Module metric_types

Module metric_types 

Source
Expand description

Type-safe wrappers for per-thread metric values.

Each registered metric in crate::ctprof_compare::CTPROF_METRICS has a kernel-source-grounded semantic category — counter, cumulative-time, peak high-water (ns and bytes), instantaneous gauge, byte count, ordinal scalar, categorical, or cpuset. The aggregation pipeline reduces values per category: counters sum, peaks take max, gauges take max, ordinals carry a [min, max] range, categoricals carry the mode (most-frequent value), and cpusets carry an affinity summary.

§Temporal window

Every counter / cumulative-time / peak / byte-count newtype defined here represents a value that the kernel accumulates across the THREAD LIFETIME — from thread birth to the moment of the procfs read. All of these fields share the same window because they live in the same task_struct and tick along with the same task. That shared window is what makes ratios across fields well-defined (e.g. cpu_efficiency = run_time_ns / (run_time_ns + wait_time_ns) is a meaningful fraction because both numerator and denominator measure the same task’s same lifetime).

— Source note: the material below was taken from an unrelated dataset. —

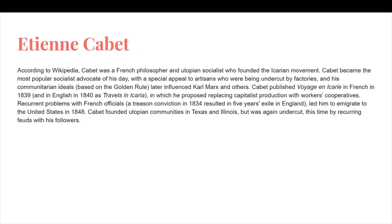Cabot was a French philosopher and utopian socialist who founded the Icarian movement. Cabot became the most popular socialist advocate of his day, with a special appeal to the artisans who were being undercut by factories, and his communitarian ideals later influenced Karl Marx and others. Cabot published Voyage en Icarie in French in 1839 and in English in 1840 as Travels in Icaria, in which he proposed replacing capitalist production with workers' cooperatives. Recurrent problems with French officials led him to immigrate to the United States in 1848. Cabot founded utopian communities in Texas and in Illinois, but was again undercut by recurring feuds with his followers.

Cross-file read skew during one capture pass (the capture pipeline reads /proc/<tid>/stat, then /sched, then /io, etc. with a few hundred microseconds of drift between them) is negligible against cumulative-from-birth totals that grow over hours or days of thread runtime — the small in-flight delta during the read is rounding noise relative to the lifetime accumulator. The qualifier holds relative to a lifetime accumulator that has had time to integrate; threads captured very early in their lifetime carry larger relative read-skew error, but their absolute contribution to any group aggregate is correspondingly small (a thread alive for 500 µs cannot meaningfully drag a group total even if its individual reads are skewed by 100 µs).

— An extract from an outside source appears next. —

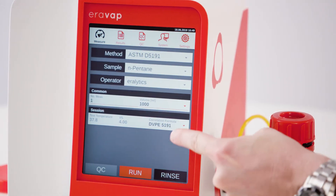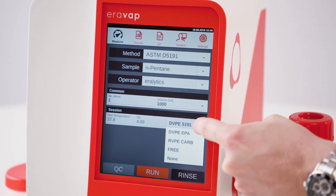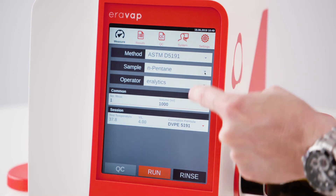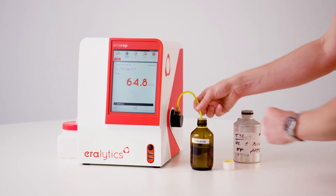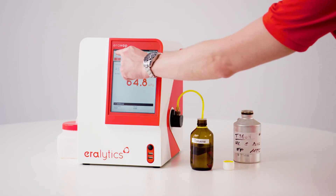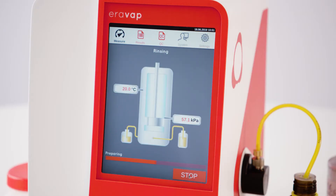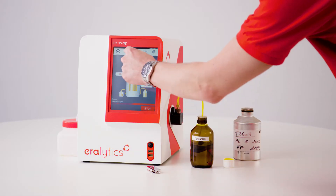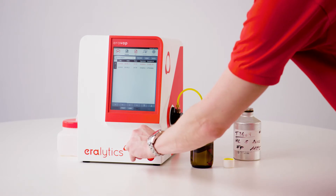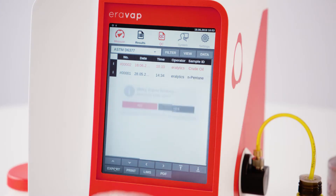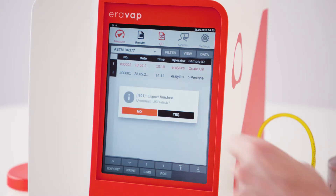AeroVap features the most common ASTM correlation formulas. For gasoline or jet fuel, no follow-up is required and the instrument is immediately ready for the next measurement. For viscous samples like crude oil, additional rinsing with a suitable solvent is recommended. The results are stored in the internal memory and can be conveniently exported to a USB drive, printed, and transferred to a LIMS.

crate::ctprof_compare runs in two modes that both preserve the shared-window property: SHOW renders one snapshot’s lifetime totals; COMPARE subtracts two snapshots captured at different wall-clock instants to scope the values to the (capture-A, capture-B) interval. In both modes every field carries the same temporal window, so cross-field ratios and per-thread totals stay well-defined.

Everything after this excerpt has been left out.